======== Data segment ========

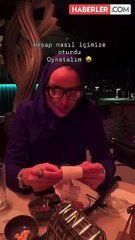 Yine başörtülü bir kız, yine bir kepazelik! Yazıklar olsun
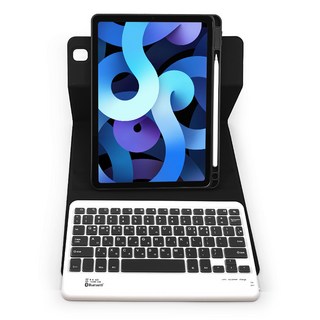 아이패드 에어 회전 키보드 케이스
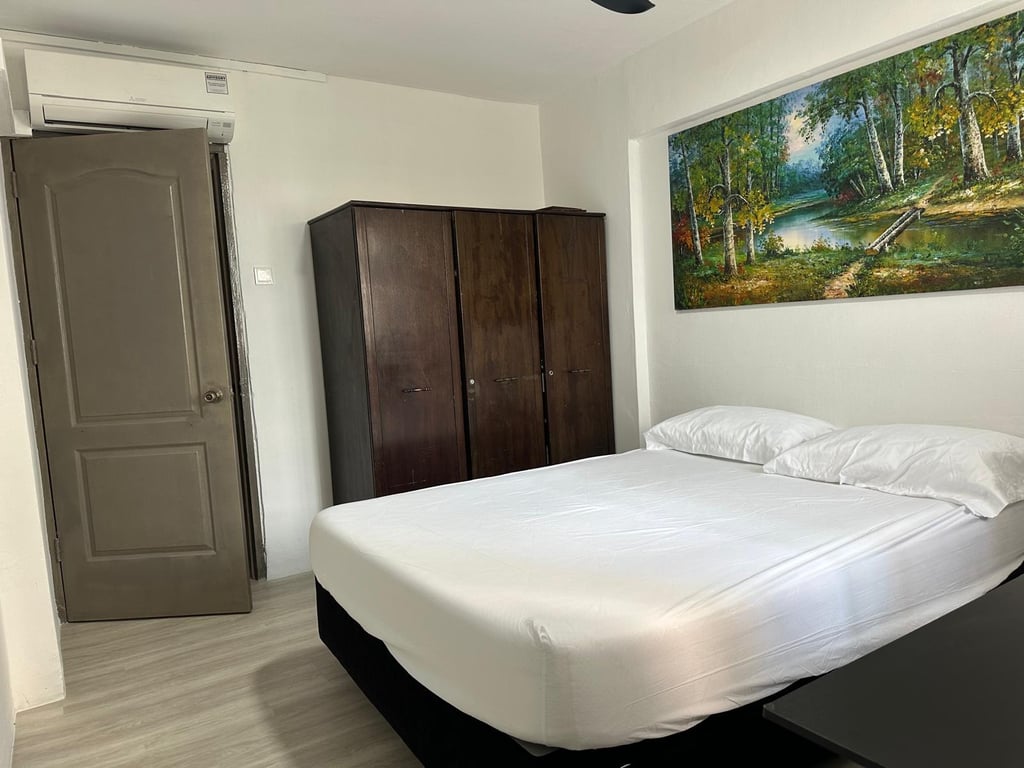 HDB Master Room for Rent at 457 Ang Mo Kio Avenue 10, Ang Mo Kio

========

# Problem requirements
Now write out the data word for word, skipping every picture in it.

# Solution to this task
 Yine başörtülü bir kız, yine bir kepazelik! Yazıklar olsun
 아이패드 에어 회전 키보드 케이스
 HDB Master Room for Rent at 457 Ang Mo Kio Avenue 10, Ang Mo Kio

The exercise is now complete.